En todo caso, es un hecho que los soliferrea mejor conservados eran extremadamente flexibles, puesto que algunos de los hallados en 1867 en el yacimiento cordobés de Almedinilla, y que originalmente habían sido depositados en las tumbas doblados en varios pliegues, fueron enderezados en época moderna sin fracturarse, y todavía se exhiben así. Debieron ser extremadamente efectivos como armas arrojadizas pesadas, porque el peso y la densidad del material del astil dotarían de gran capacidad perforante a la estrecha punta, mientras que el astil penetraría sin rozamiento por el orificio abierto por aquella, al ser más estrecho aún (en torno a un centímetro de diámetro); esto permitiría atravesar un escudo sin apenas pérdida de impulso. Los datos disponibles hoy por hoy indican que el soliferreum apareció en la zona de Aquitania y Languedoc, justo al norte de los Pirineos, hacia el s. VI a.C., y que desde allí se extendió por la Península Ibérica, tanto por las zonas meseteñas, "célticas", como hacia Levante y Andalucía, "ibéricos". Fue en la Península donde este tipo alcanzó más éxito, pues por los datos arqueológicos y las fuentes literarias sabemos que seguía en uso a la llegada de los romanos hacia fines del s. III a.C., coexistiendo con la falarica o pilum ibérico. Es uno de los tipos citados específicamente por más autores, como Diodoro Sículo, Tito Livio o Plutarco. Incluso Apiano nos cuenta que todavía durante las Guerras Civiles romanas, en el año 38 a.

C., el general Menécrates, partidario de S. Pompeyo, fue herido en el muslo por un soliferreum ibérico de punta barbada. Pese a su peculiaridad, este tipo de lanza toda de hierro no es un caso único en la historia de las armas. Así, sabemos que los rajput de la India empleaban en el s. XIX el sang, un tipo de lanza muy similar, toda de hierro, que lógicamente no guarda relación alguna con el arma ibérica. Se trata de un caso de convergencia, provocado por la necesidad de resolver unos problemas similares. En conjunto, el soliferreum era pues funcionalmente muy similar al pilum, pero con una notable diferencia: al ser por completo de hierro, debía ser más costoso y complicado de forjar; a la vez, era menos elaborado en un sentido diferente, pues los romanos diseñaron un sistema de unión de la larga punta metálica al astil de madera mediante remaches que inutilizaban el arma al impactar con un blanco sólido, lo que impedía que fuera "devuelto". El soliferreum, en cambio, no se doblaría con tanta facilidad en combate.

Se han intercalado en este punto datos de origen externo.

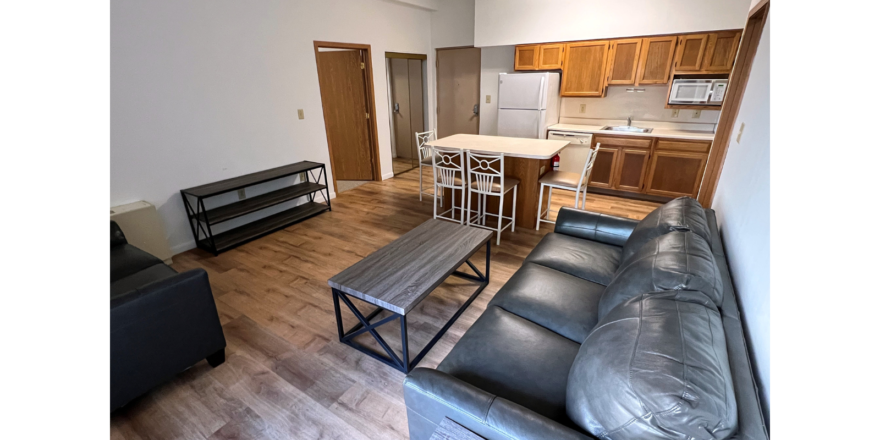 Kitchen with wood-tone cabinets and white appliances, island, and living room with sofa, loveseat, coffee table and TV stand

Un dato interesante es que la mayoría de los soliferrea hallados formando parte de ajuares funerarios aparecen doblados en varios pliegues, a veces incluso con una intención "estética", pues se plegaron en forma de lazo simétrico. Algunos autores han querido ver una razón banal en esta práctica: el arma se doblaría para poder meterla sin problemas en la fosa. Sin embargo, hoy parece fuera de duda que se trata de un rito de inutilización, extendido a casi todos los tipos de armas, y por tanto de significado mucho más profundo. El arma era, por un lado, un objeto asociado indisolublemente al guerrero muerto, que debía perecer con él; por otro, es probable que existiera entre los iberos la idea de que, al igual que el cadáver era destruido por la cremación, el objeto había de ser doblado, golpeado y quemado, para que, mediante un fenómeno de inversión simbólica bien documentado en fuentes literarias grecolatinas, resurgiera intacto y utilizable en el Más Allá, como cuentan Herodoto o Luciano.